* Data shown
· · ·
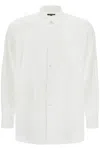 Comme Des Garçons Homme Deux Comme Des Garcons Homme Plus Men's Twisted Effect Shirt In White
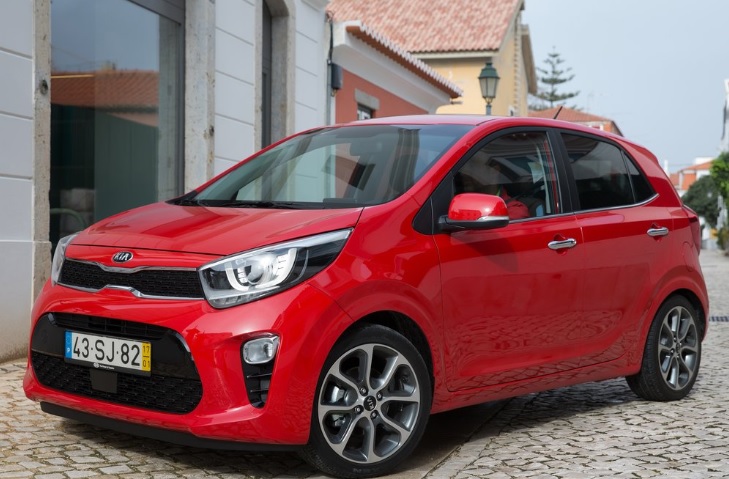 2017 Kia Picanto 1.25 84 HP Comfort Automatic Technical Specs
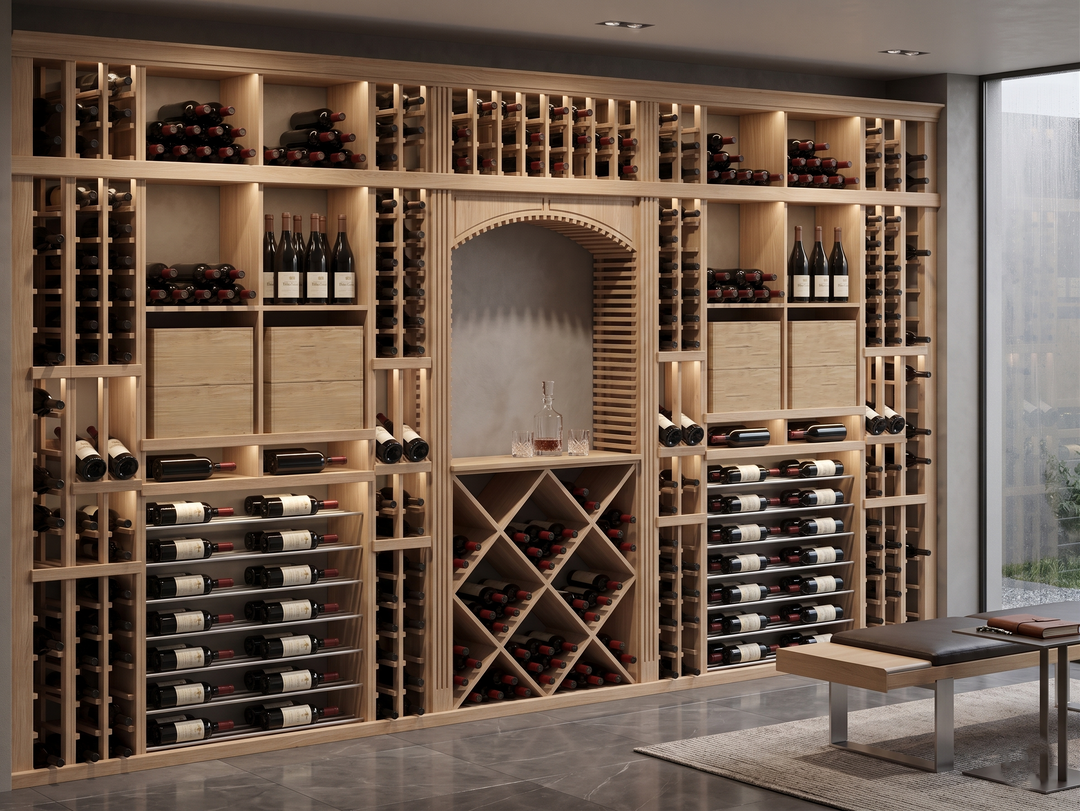 InstaCellar Wood Wine Racks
· · ·
* What is needed
Images in the data above are to be skipped. Retype all other material exactly.

* Result for this exercise
 Comme Des Garçons Homme Deux Comme Des Garcons Homme Plus Men's Twisted Effect Shirt In White
 2017 Kia Picanto 1.25 84 HP Comfort Automatic Technical Specs
 InstaCellar Wood Wine Racks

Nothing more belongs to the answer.